----- RECORDS FOR THIS TASK

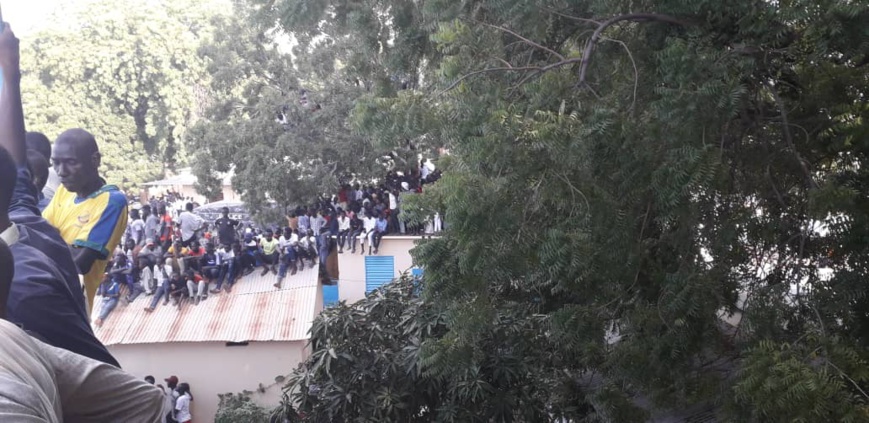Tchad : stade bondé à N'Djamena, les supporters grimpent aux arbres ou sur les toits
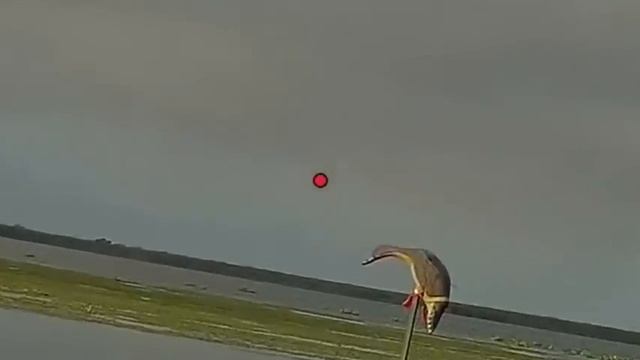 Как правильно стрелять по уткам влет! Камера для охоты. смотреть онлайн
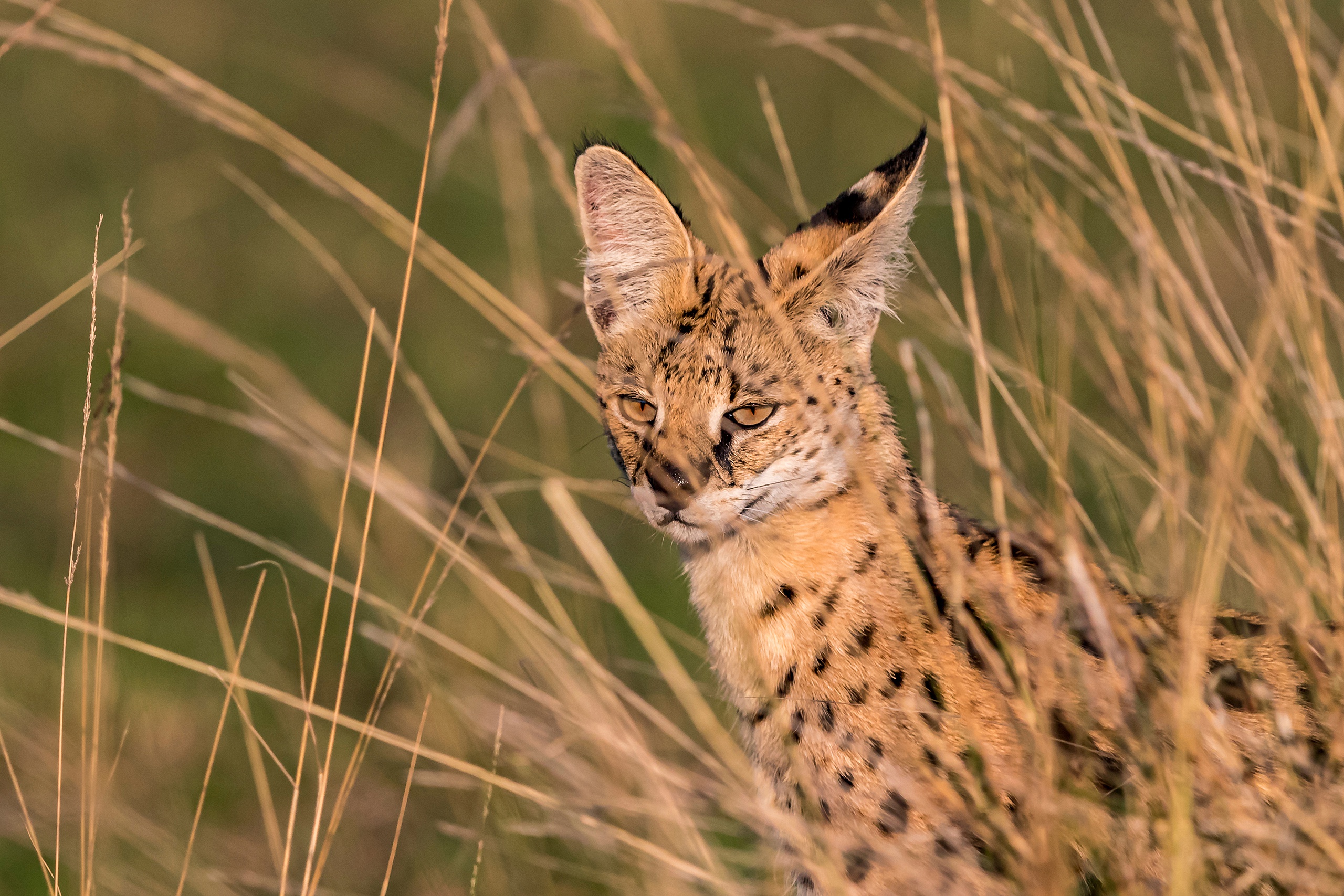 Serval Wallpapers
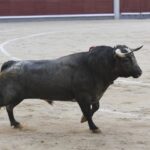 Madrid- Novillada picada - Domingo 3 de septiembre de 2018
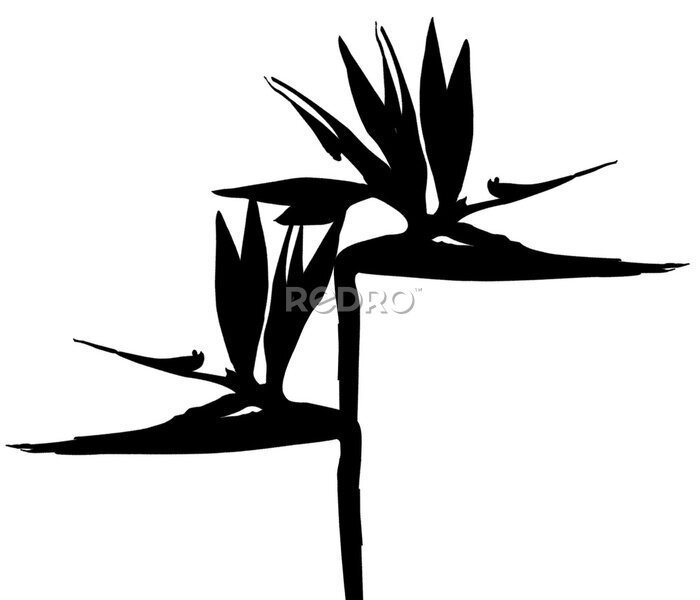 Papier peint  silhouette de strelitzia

----------
----- RECORDS FOR THIS TASK

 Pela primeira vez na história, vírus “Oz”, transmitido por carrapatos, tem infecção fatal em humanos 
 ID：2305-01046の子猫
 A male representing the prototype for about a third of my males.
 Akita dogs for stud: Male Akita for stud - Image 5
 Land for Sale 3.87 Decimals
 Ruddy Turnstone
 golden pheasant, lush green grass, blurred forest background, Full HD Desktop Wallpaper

----------
----- RECORDS FOR THIS TASK

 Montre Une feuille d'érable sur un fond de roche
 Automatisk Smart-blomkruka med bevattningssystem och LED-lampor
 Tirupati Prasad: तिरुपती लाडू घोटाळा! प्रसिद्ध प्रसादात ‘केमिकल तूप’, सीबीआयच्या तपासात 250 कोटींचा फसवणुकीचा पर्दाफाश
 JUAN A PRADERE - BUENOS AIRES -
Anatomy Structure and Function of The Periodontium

----------

* EXERCISE GOAL *
What you give back should be exactly the lines of the data above from the line with "Ruddy Turnstone" through the line with "golden pheasant, lush", both of those included, and nothing more.

* SOLUTION FOR THIS EXERCISE *
 Ruddy Turnstone
 golden pheasant, lush green grass, blurred forest background, Full HD Desktop Wallpaper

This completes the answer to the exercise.